Captioned web images:
- Opening Delimiter -

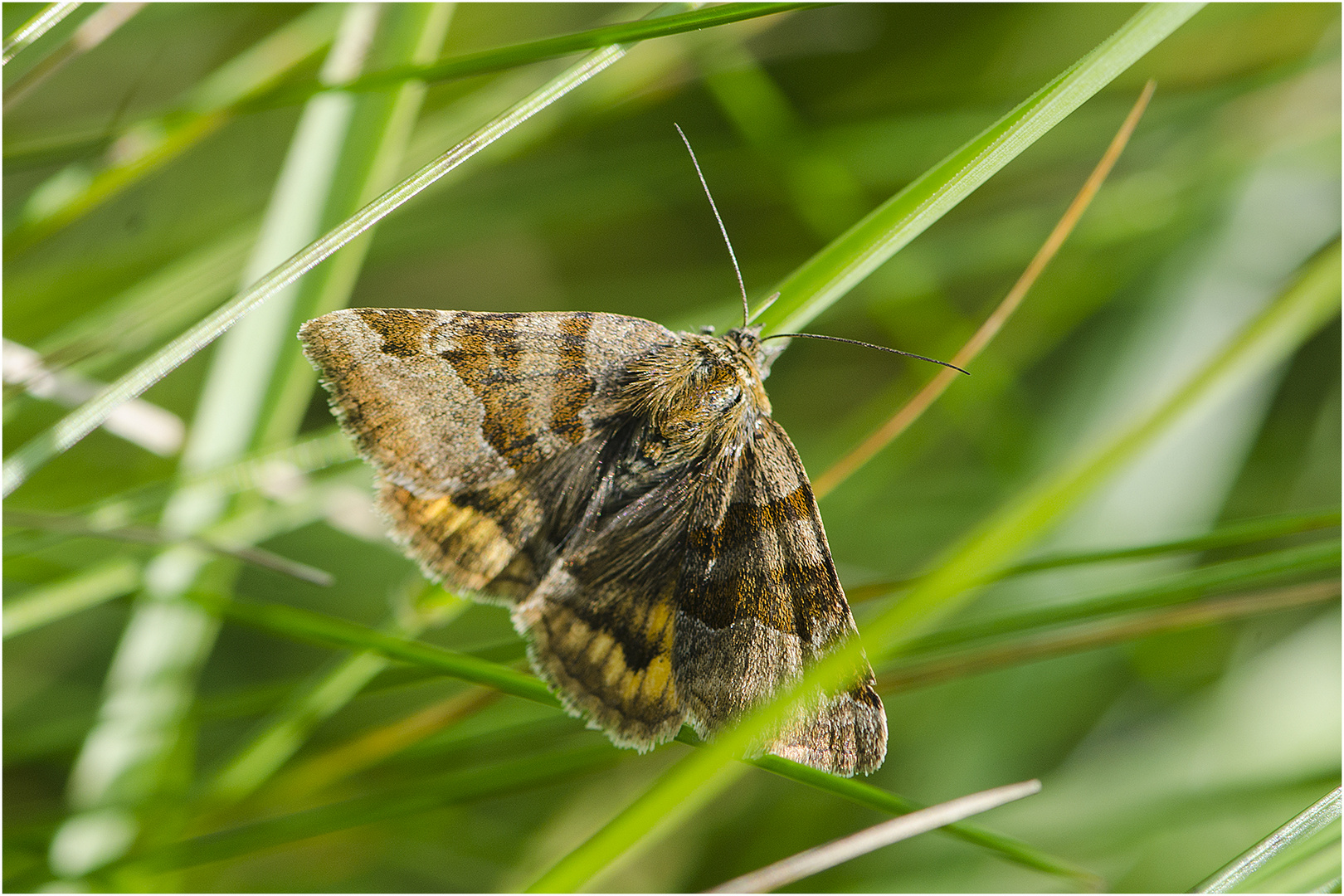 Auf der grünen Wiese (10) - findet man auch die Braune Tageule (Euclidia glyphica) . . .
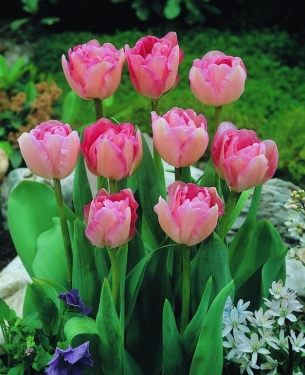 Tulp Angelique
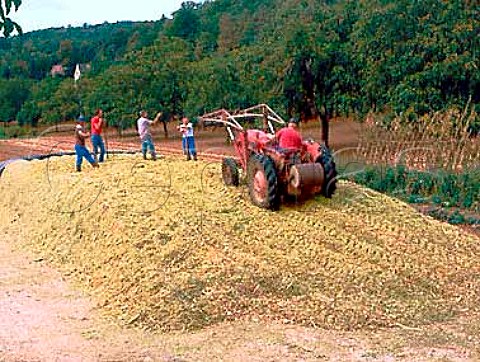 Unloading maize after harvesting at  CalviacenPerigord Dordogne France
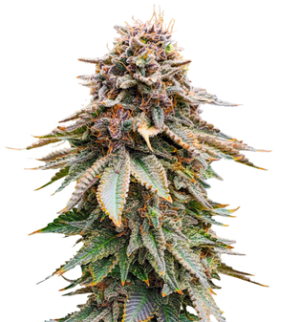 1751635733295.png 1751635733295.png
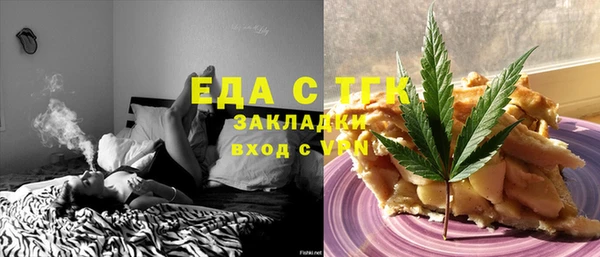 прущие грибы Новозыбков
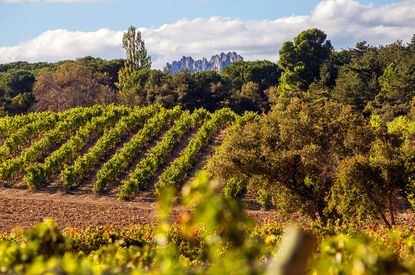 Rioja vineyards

- Closing Delimiter -

◆ TASK ITEM ◆
From the line with "1751635733295.png 1751635733295.png" to the final line of the entries above, reproduce each line exactly and nothing else; the pictures stay out.

◆ SOLUTION FOR THIS TASK ◆
 1751635733295.png 1751635733295.png
 прущие грибы Новозыбков
 Rioja vineyards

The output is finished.